Yes. What I’m trying to advance is a theory that could apply to other books. At the same time I’m not only looking at this book but books that were published at the same time or a few years before or a few years after, books that are somehow similar…Sociologist highlight organizational factors such as García Márquez’s literary agency or the press that published the novel, whereas people in literary studies tend to emphasize the quality of the text, the quality of the language.
I’m trying to produce a narrative that would integrate these options. One Hundred Years of Solitude is a highly innovative text. But there were others even more highly creative and innovative. But they didn’t become classics.
Then as a sociologist are you looking at the reader’s reaction?
Yes that is important too but that is very difficult to interview so I look at sites such as Barnes and Noble or Amazon because you have comments from readers that talk about the books. For me, readers’ criticism is as important as praise. Criticism allows the book to have visibility over time because it means that people care about it in a negative fashion.
These people even felt compelled that they had to express their criticism publically which is something that attracts new generations of readers to read it, which is at the end what I’m interested in.
How is that these things, like a book, then become a social institution, which is something that sociologist are interest in. How is it that something in a text becomes a social institution, something that you print on t-shirts something that your entire existence of a career as an academic can depend [upon].

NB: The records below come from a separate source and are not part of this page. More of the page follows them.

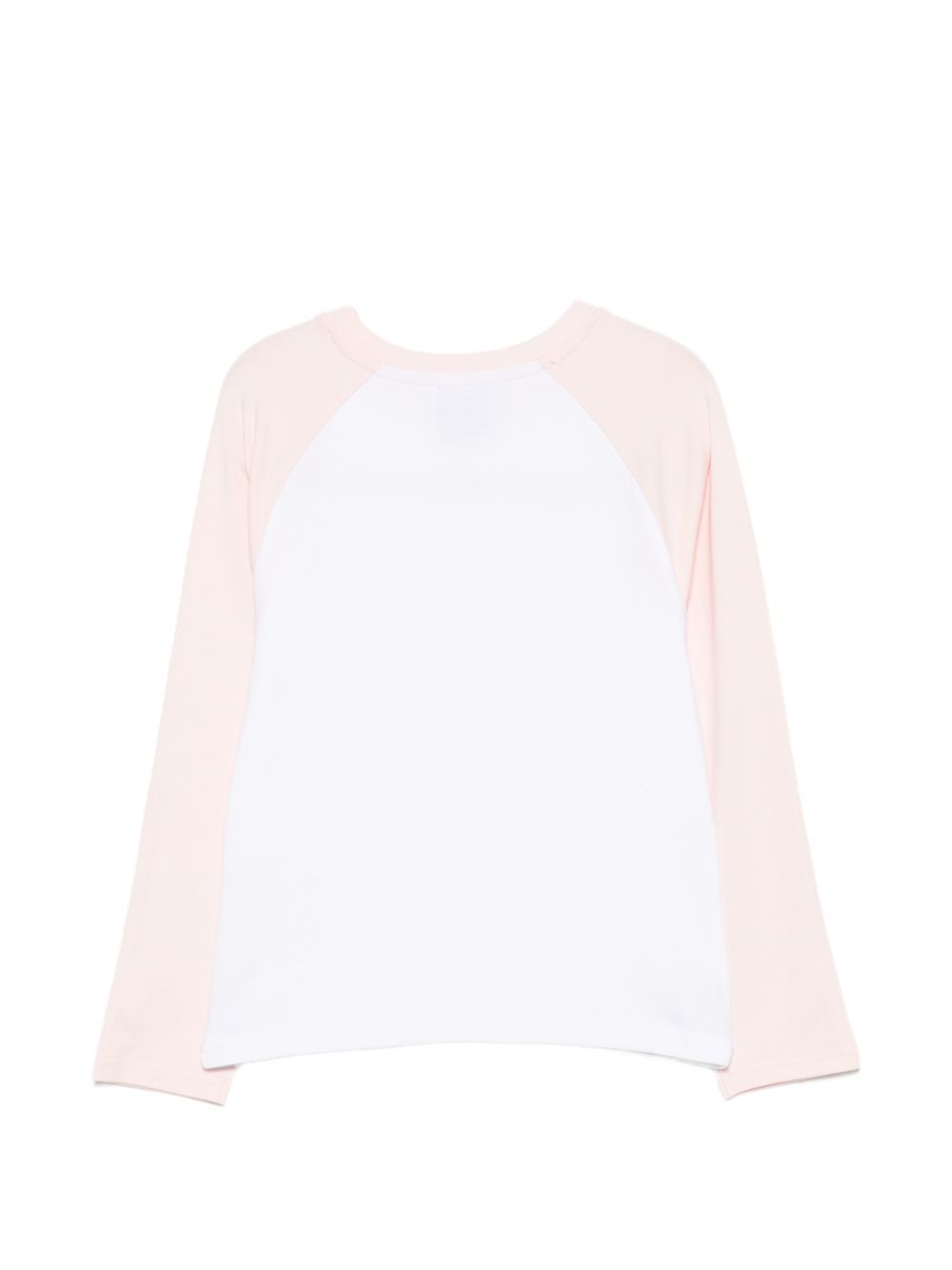 T-shirt per bambina Casablanca Kids bianca e rosa con stampa grafica KPF26JTS09901 PINK WHITE CASABLANCA KIDS 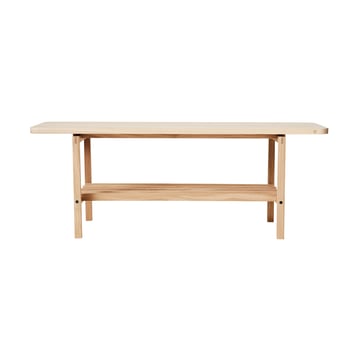 Produktfoto för Andersen Furniture - B3 Bench - Bänk - Oak white matt lacquer - H45x40x120 cm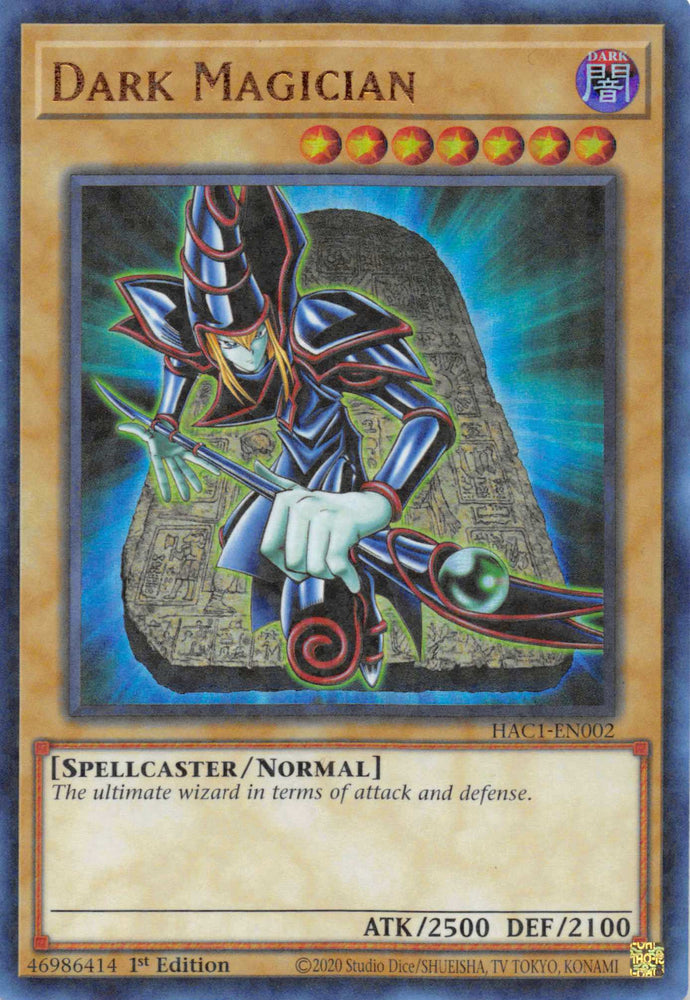 Dark Magician (Duel Terminal) [HAC1-EN002] Parallel Rare - Yugioh Cards For Your TCG Needs!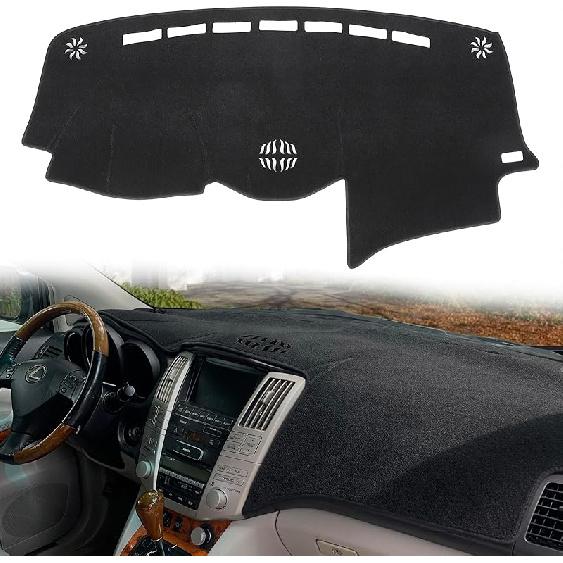 Накладка на приборную панель Подходит для 2004-2006 Lexus RX330, 2007-2009 RX350, 2006-2008 RX400H, Коврик-накладка на приборную панель с отверстиями для центрального динамика(бежевый)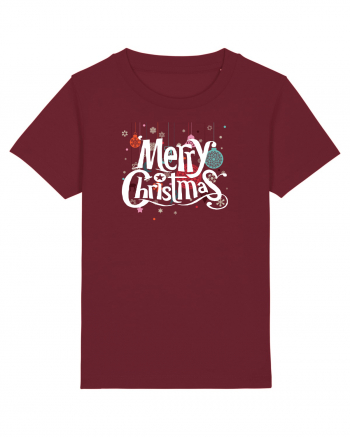 Merry Christmas (decorațiuni Crăciun)  Burgundy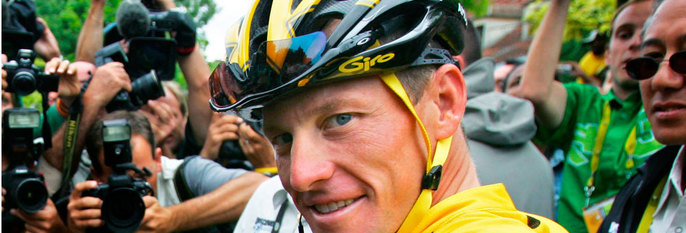 DOP:  Lance Armstrong syklet fort. Nå sier han at han dopet seg.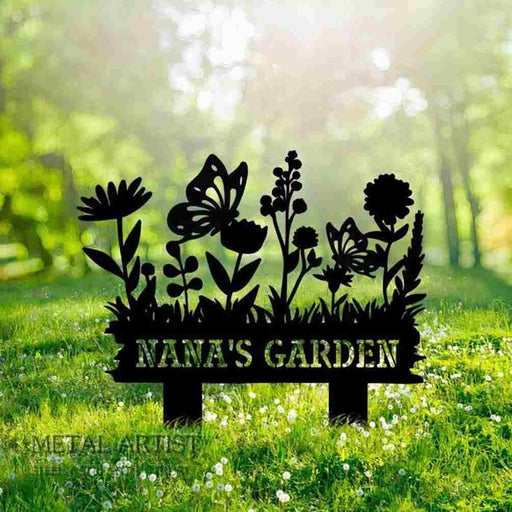 Personalized Garden Name Plate Design - Metal Artist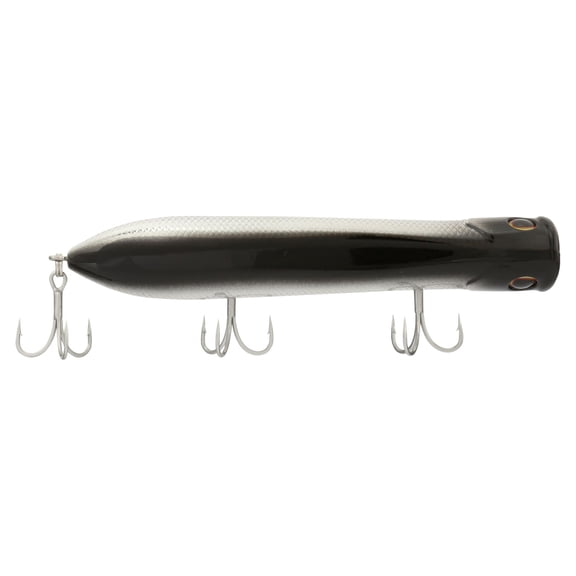 Berkley Cane Walker Saltwater, 4.3 in, Topwater Baits, Black Chrome (1-count)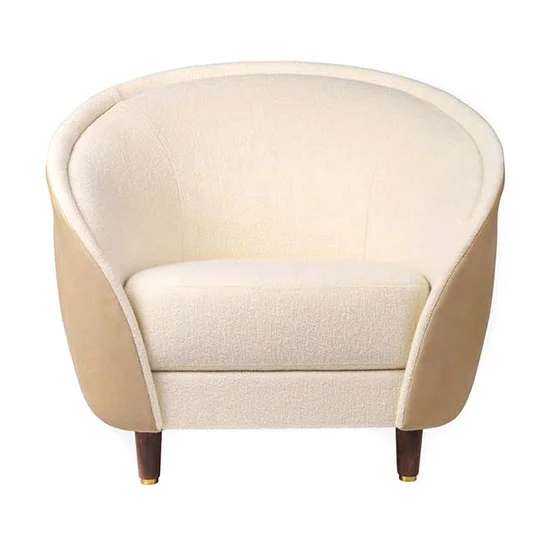 Classic Tub Wood Base Shell Chair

This diffusion of indexes transforms over time the text into social institution. So the classic can constrain people’s lives or help them to see things in new ways. The connection between the text and readers’ everyday life makes the book part of their daily experiences.
Heidi Dobson – Professor Biology
What kind do research are you involved in right now?
Right now I am still continuing my long term interest in trying to understand why some solitary bees…are attracted to certain plants, how they first come to the nest they find and recognize the plant. I’m interested in the role of visual cues, color shape, and the role of odors coming from the plants. Some of those studies are not quite as prominent because I’m coming to the end of them and I only do those in Sweden. [Next] I’ve been starting new projects here where I’m documenting the feeding of pollen by adult bees…[One of the] implications is for pesticides. A lot of these insecticides like these new neonicotinoids, which are so big on the news, a lot of GMOs are trying to get it out of the marketplace. These are insecticides that when applied to the plant they move into all parts of the plant like the nectar and pollen, and some people think this is one of the factors contributing to the colony collapse disorder in honey bees. But we’re finding a lot of solitary bees are decreasing in populations and while some of that is due to habitat and our human activity, we think a lot has to do with the insecticides as well.
How long have you been having students help you with their research?
Ever since I got here. I got here in ’92 and ‘94 was the first year I took students. I’ve taken over 60 students to Sweden, and while I’m here in Walla Walla I involve students in my research here.
What is that relationship like working with students?
Oh I love it. It’s one of the highlights of my job. It’s a wonderful experience I love working that close 1-1 and introducing my students to the excitement. I love this field because obviously I have a passion for flowers and bees, I never tire working with them, so sharing with students the questions and how to think about it and teaching them to appreciate working in the field …I just love working with them so they gain more confidence in themselves and take more ownership with the project.